[racket] performance problem in math/matrix

From: Berthold Bäuml (berthold.baeuml at dlr.de)
Date: Tue Jan 22 16:09:45 EST 2013

On 22.01.2013, at 06:19, Neil Toronto <neil.toronto at gmail.com> wrote:

> On 01/21/2013 04:33 PM, Berthold Bäuml wrote:
>> 
>>> 
>>> I just did that. Here are the types:
>>> 
>>>  real-matrix* : (Array Real) (Array Real) -> (Array Real)
>>> 
>>>  flonum-matrix* : (Array Flonum) (Array Flonum) -> (Array Flonum)
>>> 
>>>  flmatrix* : FlArray FlArray -> FlArray
>>> 
>>> Results so far, measured in DrRacket with debugging off:
>>> 
>>> Function           Size              Time
>>> -----------------------------------------
>>> matrix*            100x100          340ms
>>> real-matrix*       100x100           40ms
>>> flonum-matrix*     100x100           10ms
>>> flmatrix*          100x100            6ms
>>> 
>>> matrix*           1000x1000      418000ms
>>> real-matrix*      1000x1000       76000ms
>>> flonum-matrix*    1000x1000        7000ms
>>> flmatrix*         1000x1000        4900ms
>>> 
>>> The only difference between `real-matrix*' and `flonum-matrix*' is that the former uses `+' and `*' and the latter uses `fl+' and `fl*'. But if I can inline `real-matrix*', TR's optimizer will change the former to the latter, making `flonum-matrix*' unnecessary. (FWIW, this would be the largest speedup TR's optimizer will have ever shown me.)
>>> 
>>> It looks like the biggest speedup comes from doing only flonum ops in the inner loop sum, which keeps all the intermediate flonums unboxed (i.e. not heap-allocated or later garbage-collected).
>>> 
>>> Right now, `flmatrix*' is implemented a bit stupidly, so I could speed it up further.
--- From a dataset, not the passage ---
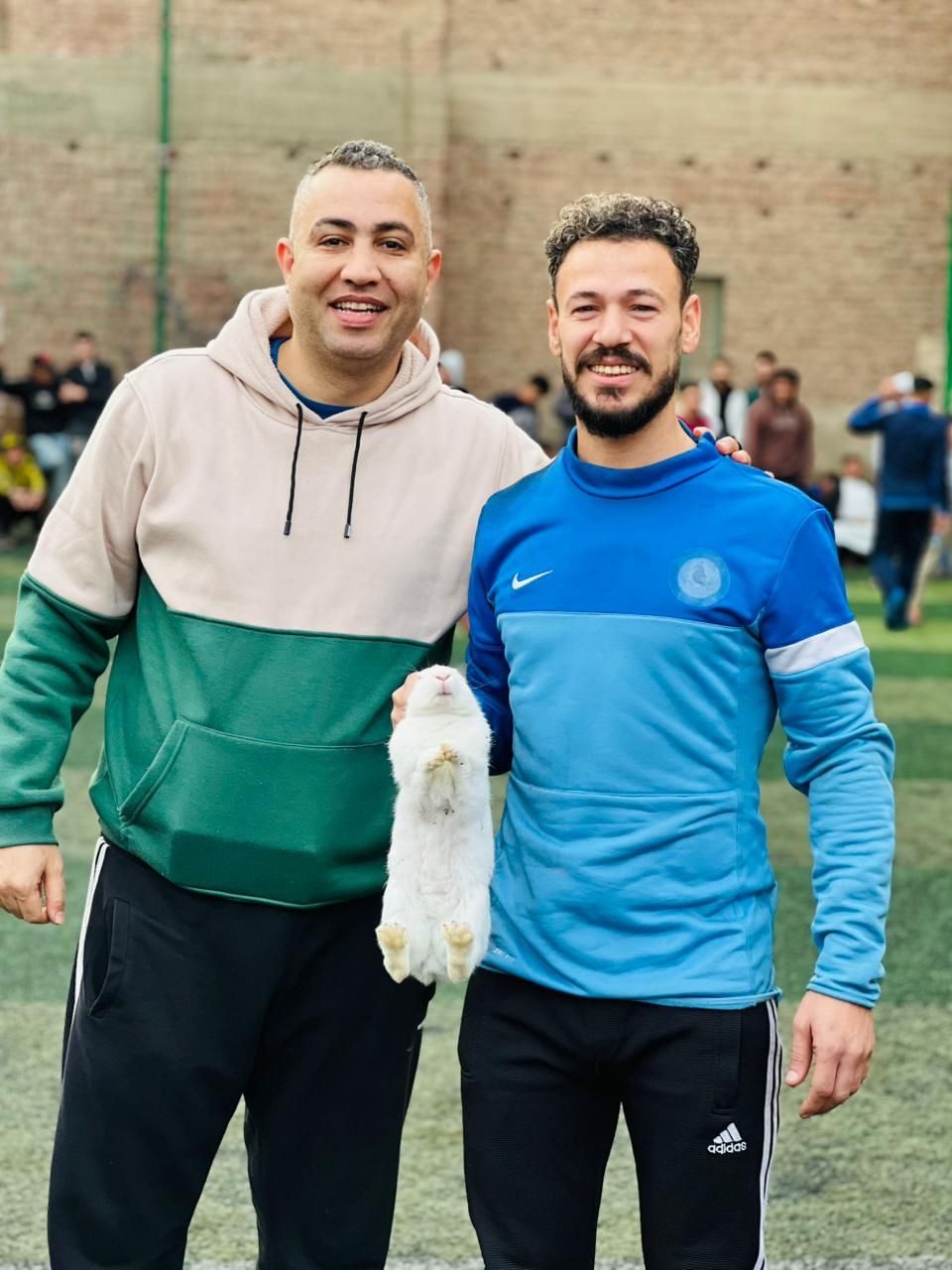 أرنب جائزة أفضل لاعب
I won't yet, because I haven't settled on a type for matrices of unboxed flonums. The type has to work with LAPACK if it's installed, which `FlArray' doesn't do because its data layout is row-major and LAPACK expects column-major.
>>> 
>>> I'll change `matrix*' to look like `real-matrix*'. It won't give the very best performance, but it's a 60x speedup for 1000x1000 matrices.
>>> 
>> 
>> These results look very promising, esp. if , as you mentioned, in the end the real-matrix* will automatically reach the flonum-matrix* performance for Flonums and the flmatrix* automatically switches to a LAPACK based variant, when available. For the latter it would be great if one could even change the used library to, e.g., redirect to a installation of the highly efficient MKL library from Intel.
>> 
>> Looking forward to benchmark it against Numpy and Mathematica (which is MKL based) again!
> 
> The next release candidate will have a `matrix*' that runs as fast as `flonum-matrix*' on (Matrix Flonum) arguments, and as fast as `real-matrix*' on (Matrix Real) arguments.

Cool!

> (Curiously, I wasn't able to speed up `flmatrix*' at all. The "a bit stupidly" implementation was actually the fastest I could do, which probably means it's as fast as it can be done in Racket without dropping to C.)
> 
> Additionally, all the matrix functions will have more precise types to make it easy for TR to prove that operations on (Matrix Flonum) values yield (Matrix Flonum) values. (Currently, it only proves (Matrix Real) and (Matrix Number).) Example:
> 
>  > (:print-type (matrix-qr (matrix [[1.0 2.0] [3.0 4.0]])))
>  (Values (Array Flonum) (Array Flonum))
>  > (:print-type (matrix-qr (matrix [[1.0+0.0i 2.0+0.0i]
>                                     [3.0+0.0i 4.0+0.0i]])))
>  (Values (Array Float-Complex) (Array Float-Complex))
> 
> The current release candidate returns two (Array Real) and (Array Number) instead.
> 
> Since I've brought up decompositions, you should know that these, `matrix-inverse', `matrix-solve', and pretty much every O(n^3) operation except multiplication will be slow on large matrices. I can't think of a way to inline them in a way that TR can optimize. For fast versions, which will use LAPACK if it's installed, you'll have to wait for 5.3.3. :/

Will the LAPACK bindings be in the git head sooner, maybe ;-)
> 

> Is the MKL library binary-compatible with LAPACK?
> 

I did not try it myself yet, but the Intel documentation does say so:
"If your application already relies on the BLAS or LAPACK functionality, simply re-link with Intel® MKL to get better performance on Intel and compatible architectures."
http://software.intel.com/en-us/intel-mkl/

Berthold


> Neil ⊥
> 




Posted on the users mailing list.